中國商標保護制度發展較晚,整體上參照了大陸法系的商標保護規則,以“注冊”作為商標權利獲取方式,同時,在整體商標制度中強調對商標的“使用”。中國商標申請量已經連續多年位居世界第一。巨大的商標申請量,使“注冊”獲權帶來負面效應在中國集中地被暴露出來——當事人獲得商標注冊方便、快捷,成本較低,出現了大量不以使用為目的的惡意申請和為轉讓牟利而大量囤積商標等問題。對于尚未注冊的商標,國家知識產權局可以從嚴審查,把好“入口”關。例如,國家知識產權局專門制定了《規范商標申請注冊行為若干規定》《關于不以使用為目的的惡意注冊申請審查審理規程》,開展打擊商標惡意搶注行為專項行動,2021年,國家知識產權局就主動駁回了48.2萬件不以使用為目的的惡意注冊申請[3]。但是,局限于客觀條件,除非比較明顯地存在不應予以注冊的情形,商標審查無法過濾掉所有不具商標注冊性的商標,對于那些善意注冊但使用動機不強烈的商標在注冊審查階段更是無能為力;且在注冊后,因客觀情形發生變化,如破產、更換經營策略等原因導致原有商標不再繼續使用的,國家知識產權局難以主動進行清理。但他們都具有一個共同點,不會將注冊商標投入實際使用。一方面,商標使用的成本明顯高于注冊成本,投機成本過高;另一方面,除客觀原因不再使用的情形外,商標注冊人在注冊時即不具備使用動機。

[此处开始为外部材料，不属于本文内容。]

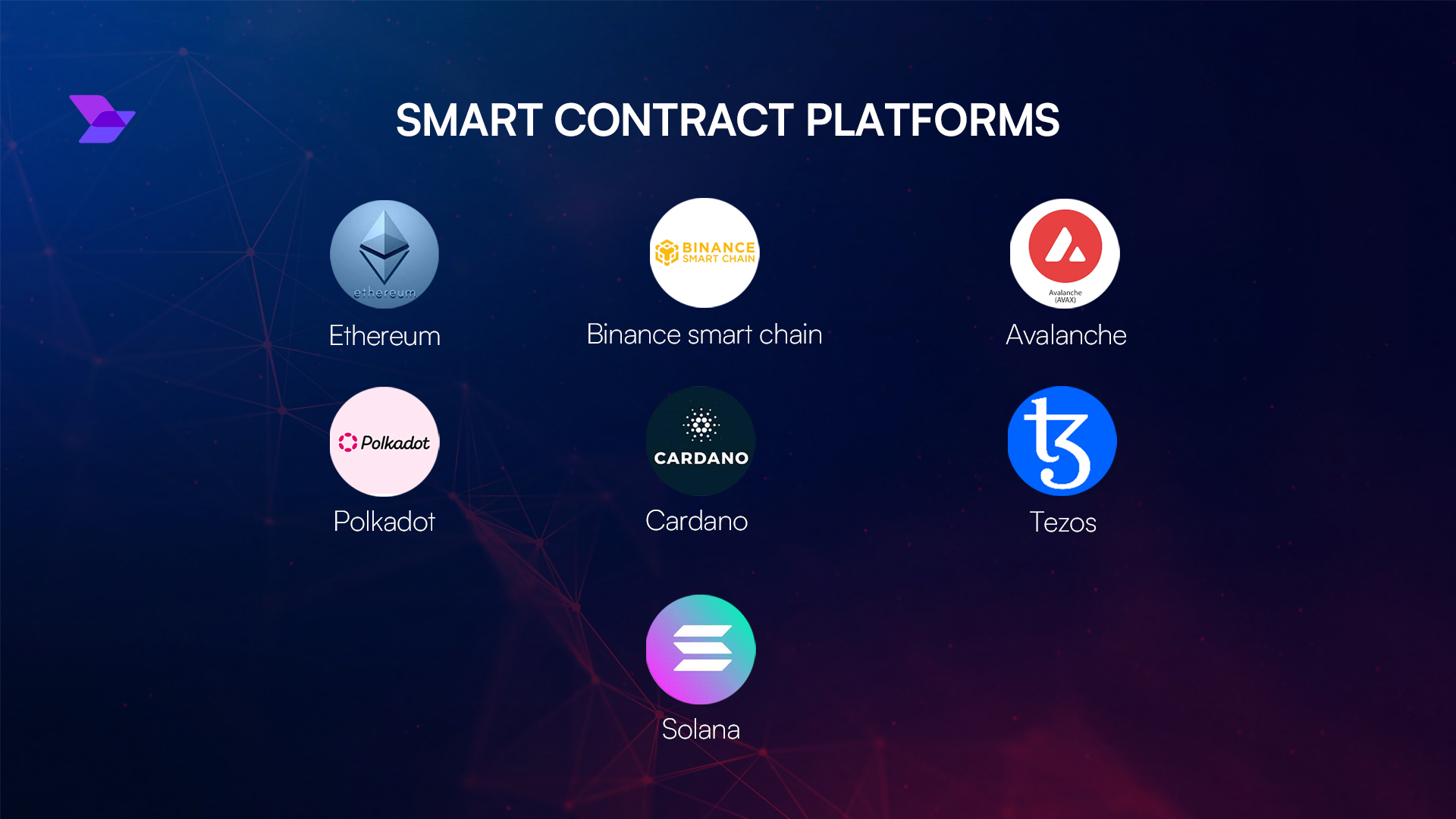 Eclipse ZK rollup Solana Ethereum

在當前的法律體制下,商標即使“注而不用”,商標注冊人也有權禁止他人在相同或者類似服務上注冊或者使用與其注冊商標相同或者近似的商標。如此造成的后果是,大量商標資源被占用,商標評審資源被浪費,進而商標秩序被破壞。而商標的原初功能就是能夠將其持有人或者使用人的商品與其他人的商品區別開來的標志[4]。也就是說,商標的價值在于其識別性,這種識別性并不是與生俱來,而是要建立在使用的基礎上。可見,商標“注而不用”是對商標制度價值的嚴重背離。作為商標注冊制度的產物,“撤三”制度應運而生,一方面,承擔起清理閑置商標的任務;另一方面,促使商標注冊人將其注冊商標進行積極使用,發揮其商標功能。
按照“撤三”的規范意旨,任何單位或個人均可以相關商標連續三年未使用而申請撤銷,并未局限于特定主體,強調的是公益目的,是對注冊主義弊端的彌補[5]。但實際上,提起商標撤銷申請的主體,往往是出于“私利”,例如,當某商標構成申請注冊商標的引證商標時,為了使商標獲得注冊,對引證商標提出“撤三”申請。幾乎不存在純粹為了維護公共利益而去對實際不使用或者停止使用的商標提出撤銷申請的情況[6]。不可否認的是,“私利”動機驅使的“撤三”申請,造就了“公益”的客觀結果——相關商標資源重新回到了市場,減少了有關商標申請注冊的障礙。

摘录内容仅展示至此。